3. 還付金のピンハネ : 申告代理人が「仲介手数料」などと称して、顧客の知らない口座に還付金を振り込ませる。または還付が実際より少ないと顧客に伝え、余った分を自分で着服するケースもあった。
事件のポイントと教訓
1.「 高額節税」「高額還付」の謳い文句には注意
・納税者が 当然受け取られる還付以上に「大きな還付金が得られます」と強調宣伝するのは要注意。
・過度に甘い話や、手続きの詳細を曖昧にする業者には慎重に対応すること。
2. 自分の申告内容を把握する重要性
・代理人に申告を任せっきりにせず、どんな控除や費用を計上するのか説明を受ける。
・提出書類のコピーを受け取り、中身を確認したうえで署名すること。
3. 還付金の振込先と金額の最終チェック
・還付金が自分の口座にきちんと振り込まれているか、IRSからの通知書(Notice)に記載されている金額と一致しているかをチェック。
・代理人が勝手に別口座を指定していないか、還付金額が説明と異なっていないかを必ず確認する。
4. 疑わしい場合は早めの相談・報告
・不審な点があれば、速やかに税理士(米国の場合はCPAなど)や専門の機関に相談する。
・重大な不正行為に巻き込まれた場合には、IRSの情報提供窓口に報告することも検討する。
税金の申告代理人による不正は、いかにも「自分には関係ない」ように思えますが、実際には「良さそうな話につられて安易に任せた結果、知らないうちに不正申告に加担していた」というケースが少なくありません。
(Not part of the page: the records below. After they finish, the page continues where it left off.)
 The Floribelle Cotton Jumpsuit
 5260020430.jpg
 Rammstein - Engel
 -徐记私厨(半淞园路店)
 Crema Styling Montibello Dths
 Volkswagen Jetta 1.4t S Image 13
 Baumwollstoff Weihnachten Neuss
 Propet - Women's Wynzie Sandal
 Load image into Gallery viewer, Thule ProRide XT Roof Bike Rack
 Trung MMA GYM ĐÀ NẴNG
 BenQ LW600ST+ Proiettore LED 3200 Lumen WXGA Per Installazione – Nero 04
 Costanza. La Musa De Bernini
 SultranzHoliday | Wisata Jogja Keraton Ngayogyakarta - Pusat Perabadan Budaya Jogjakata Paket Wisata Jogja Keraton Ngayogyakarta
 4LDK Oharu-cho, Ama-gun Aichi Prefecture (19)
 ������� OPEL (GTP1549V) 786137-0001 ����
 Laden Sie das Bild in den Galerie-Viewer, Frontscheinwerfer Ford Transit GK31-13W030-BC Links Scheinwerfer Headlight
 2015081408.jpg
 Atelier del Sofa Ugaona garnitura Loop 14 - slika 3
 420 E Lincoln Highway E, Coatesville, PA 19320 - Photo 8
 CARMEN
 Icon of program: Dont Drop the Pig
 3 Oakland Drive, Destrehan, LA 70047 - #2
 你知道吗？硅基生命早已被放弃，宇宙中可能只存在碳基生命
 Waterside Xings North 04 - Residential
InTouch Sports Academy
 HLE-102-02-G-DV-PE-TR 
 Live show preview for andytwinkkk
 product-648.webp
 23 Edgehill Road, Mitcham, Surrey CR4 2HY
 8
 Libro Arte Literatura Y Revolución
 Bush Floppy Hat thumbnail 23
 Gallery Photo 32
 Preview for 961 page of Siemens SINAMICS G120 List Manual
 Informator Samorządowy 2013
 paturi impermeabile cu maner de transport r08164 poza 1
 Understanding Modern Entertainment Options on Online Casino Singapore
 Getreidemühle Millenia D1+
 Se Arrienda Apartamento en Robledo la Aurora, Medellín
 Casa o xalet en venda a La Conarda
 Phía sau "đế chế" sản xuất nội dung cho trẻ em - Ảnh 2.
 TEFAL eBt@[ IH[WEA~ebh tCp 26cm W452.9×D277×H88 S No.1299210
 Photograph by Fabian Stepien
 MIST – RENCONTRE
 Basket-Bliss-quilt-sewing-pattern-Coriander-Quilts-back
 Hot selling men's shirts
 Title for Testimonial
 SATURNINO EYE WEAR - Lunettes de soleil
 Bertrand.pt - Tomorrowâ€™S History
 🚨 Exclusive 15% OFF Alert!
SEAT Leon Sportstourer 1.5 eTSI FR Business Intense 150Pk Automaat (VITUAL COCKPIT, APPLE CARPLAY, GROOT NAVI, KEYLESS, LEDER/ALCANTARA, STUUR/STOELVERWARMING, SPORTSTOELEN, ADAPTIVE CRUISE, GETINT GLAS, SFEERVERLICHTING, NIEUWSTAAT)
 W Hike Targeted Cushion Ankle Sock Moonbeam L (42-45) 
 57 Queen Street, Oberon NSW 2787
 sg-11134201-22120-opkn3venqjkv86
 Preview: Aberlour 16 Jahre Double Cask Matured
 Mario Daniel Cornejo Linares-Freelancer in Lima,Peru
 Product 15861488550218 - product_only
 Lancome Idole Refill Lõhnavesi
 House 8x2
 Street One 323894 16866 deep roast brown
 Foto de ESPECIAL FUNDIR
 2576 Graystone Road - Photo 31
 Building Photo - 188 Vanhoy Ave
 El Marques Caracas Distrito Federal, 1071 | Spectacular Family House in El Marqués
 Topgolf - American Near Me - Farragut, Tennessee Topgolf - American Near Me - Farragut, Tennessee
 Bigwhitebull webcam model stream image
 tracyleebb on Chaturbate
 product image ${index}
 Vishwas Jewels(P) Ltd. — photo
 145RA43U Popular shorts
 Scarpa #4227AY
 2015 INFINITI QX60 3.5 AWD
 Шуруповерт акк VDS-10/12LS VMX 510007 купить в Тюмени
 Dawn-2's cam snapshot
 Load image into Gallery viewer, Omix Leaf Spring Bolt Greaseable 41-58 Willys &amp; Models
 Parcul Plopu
結果的に、ご自身が、還付金の返還や罰金で大きな損失を被ることになるリスクがあります。大切なのは、「節税のノウハウ」や「還付金額のアップ」といった宣伝文句に飛びつく前に、提案されている内容が合法的かどうかを自分の目で確かめること、そして申告書の内容や振込口座をしっかり確認することです。